I don’t know what the cafeteria was, but I remember my family going to one in Greenville, South Carolina, when I was around nine–my post-traumatic years after The Most Evil Teacher In The World turned me into a social basket case (thanks, Miss Wills!). I was overwhelmed by the entire process of cafeteria-style dining; having questions hammered at me from the people slapping food onto plates, unable to make my terrified responses heard over the noise. So when it came time to order a meat entree, I pointed at what I thought was some variety of steak. When we arrived at our table and our trays were set in front of us, my mother realized I’d received liver. She was none too nice about it, to tell you the truth, probably exasperated because she knew I’d take one bite and spit it out. But before she could make a big deal out of taking me back and getting me something I’d eat, my father graciously offered to trade meals with me. (Hero!)

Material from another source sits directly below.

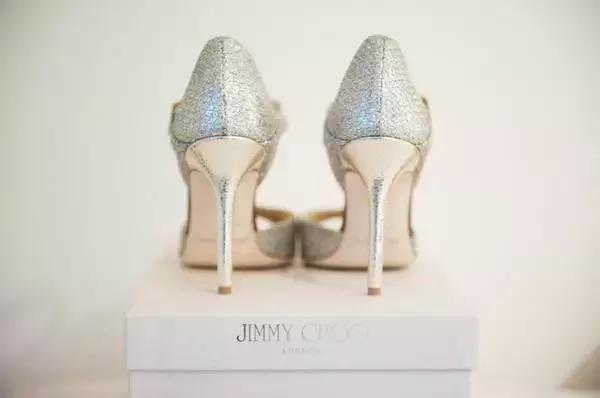 罗子君说鞋子不能沾水配音,子君小羊皮鞋子不能沾水图片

It’s clear this event traumatized me not only because I remember it [number redacted] years later, but because it was almost a decade before I’d agree to enter a cafeteria-style establishment again. In fact, it wasn’t so much that I agreed as that I had no choice. That’s the way food was served in my freshman dorm. I had to get over it or go hungry. A girl can’t live off popcorn and Sunday night pizza or sandwiches from Uncle Andy’s Deli.
Still don’t eat liver, though.
I don’t eat liver, either.
I did buy it once to use as bait when I was training Phoebe in tracking. Made me gag just getting it from the package to the pan to cook up. Like one big blood clot.
Ew–nice image! We gave raw liver to the dogs until we found out too much liver causes muscle tremors in dogs. So they only got little bits of liver occasionally. Chopping liver never bothered me as much as kidneys, though, which….well, their odor was exactly what it should be. I don’t understand how people get past that to eat kidney pie or whatever those dishes are that have kidney in them.